For anyone curious about what the next frontier of AI models would look like, all the signs are pointing towards multimodal systems, where users can engage with AI in several ways. People absorb ideas and form context by drawing meaning from images, sounds, videos and text around them. A chatbot, even though it can write competent poetry and pass the U.S. bar, hardly matches up to this fullness of cognition. If AI systems are to be as close a likeness of the human mind as possible, the natural course would have to be multimodal.
A new race opens up
As another good old tech race shapes up, leading AI companies are already playing catchup. On September 25, ChatGPT-maker OpenAI announced that it had enabled its GPT-3.5 and GPT-4 models to study images and analyse them in words, while its mobile apps will have speech synthesis so that people can have full-fledged conversations with the chatbot. The Microsoft-backed company had promised multimodality in March, during the release of GPT-4 and kept the addition on the backburner. However, the company has rushed the release after a report by The Information revealed that Google’s new yet-to-be-released multimodal large language model called Gemini, was already being tested in a bunch of companies.
The report also stated that Google had an easy advantage over competitors in the multimodal world because of its readily available bank of images and videos via its search engine and YouTube. But OpenAI is moving fast to make inroads. The company is actively hiring multimodal experts with pay packages up to a hefty $3,70,000 per year. It is also reportedly working on a new project called Gobi which is expected to be a multimodal AI system from scratch, unlike the GPT models.
How does multimodality work?
Multimodality itself isn’t a novel thing. The past couple of years have seen a stream of multimodal AI systems being released. Like OpenAI’s text-to-image model, DALL.E, upon which ChatGPT’s vision capabilities are based, is a multimodal AI model that was released in 2021. DALL.E is built on another multimodal text-to-image model called CLIP that OpenAI released the same year.

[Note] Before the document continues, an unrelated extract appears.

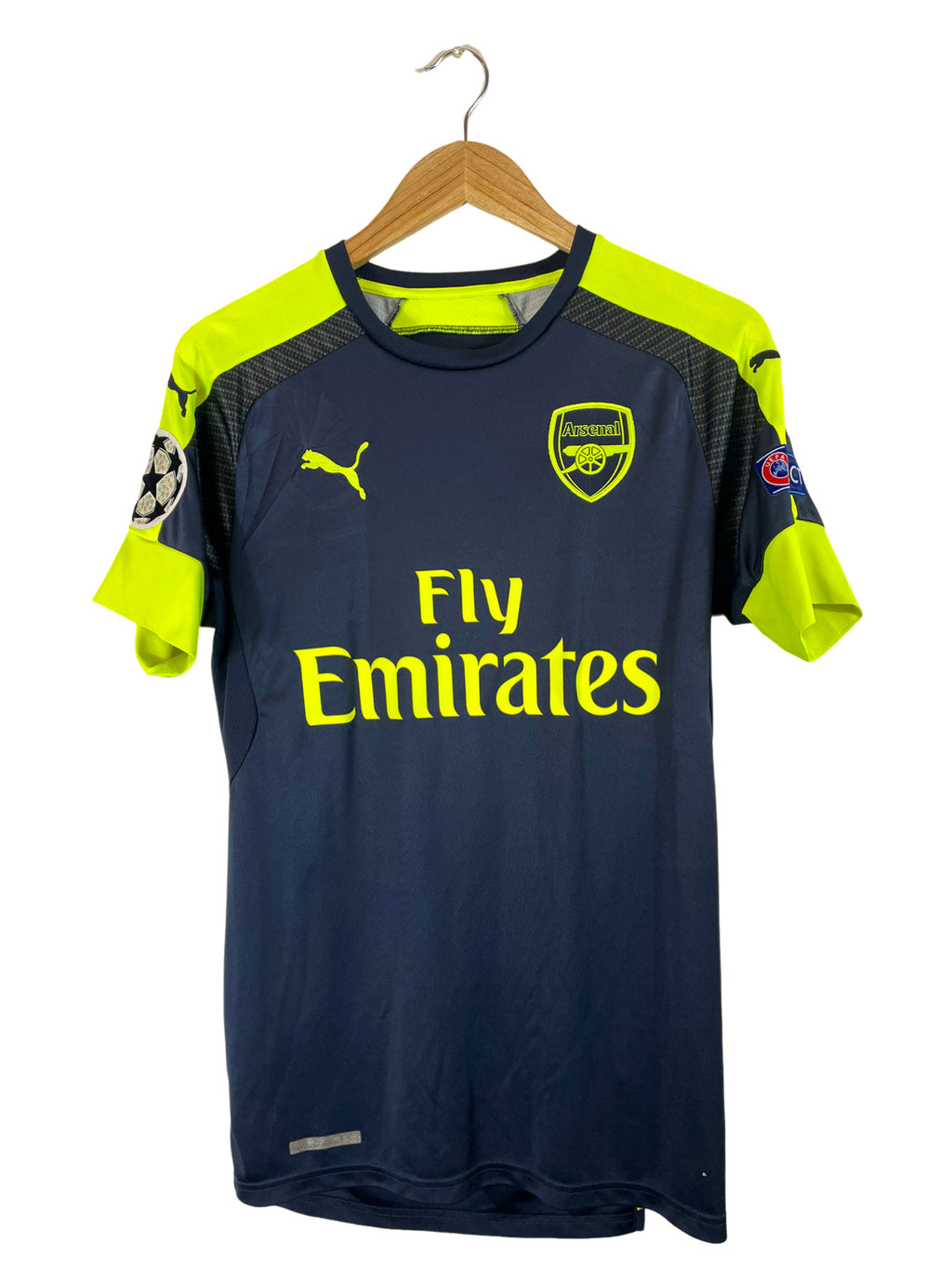 2016/2017 - Arsenal Home Shirt [#11 Özil] Puma - L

DALL.E is in fact the model which kickstarted the generative AI boom, and is underpinned with the same concept that runs other popular AI image generators like Stable Diffusion and Midjourney — linking together text and images in the training stage. The system looks for patterns in visual data that can connect with data of the image descriptions. This enables these systems to generate images according to the text prompts that users enter.
For multimodal audio systems, the training works in the same way. GPT’s voice processing capabilities are based on its own open-source speech-to-text translation model, called Whisper, which was released in September last year. Whisper can recognise speech in audio and translate it into simple language text.
Applications of multimodal AI
Some of the earlier multimodal systems combined computer vision and natural language processing models or audio and text together to perform some of the simpler but rather important functions like automatic image caption generation etc. And even if these multimodal systems weren’t an all-powerful model like GPT-4 gunning for the ultimate dream of artificial general intelligence (AGI), they carried enough value to address very real-world problems.
In 2020, Meta was working on a multimodal system to automatically detect hateful memes on Facebook. Meanwhile, Google researchers published a paper in 2021 about a multimodal system they had built to predict the next lines of dialogue in a video.
But there are other more complex systems still in the works. In May this year, Meta announced a new open-source AI multimodal system called ImageBind that had many modes — text, visual data, audio, temperature and movement readings. In the blog post, Meta had speculated that future multimodal models could add other sensory data to them, like “touch, speech, smell, and brain fMRI signals.”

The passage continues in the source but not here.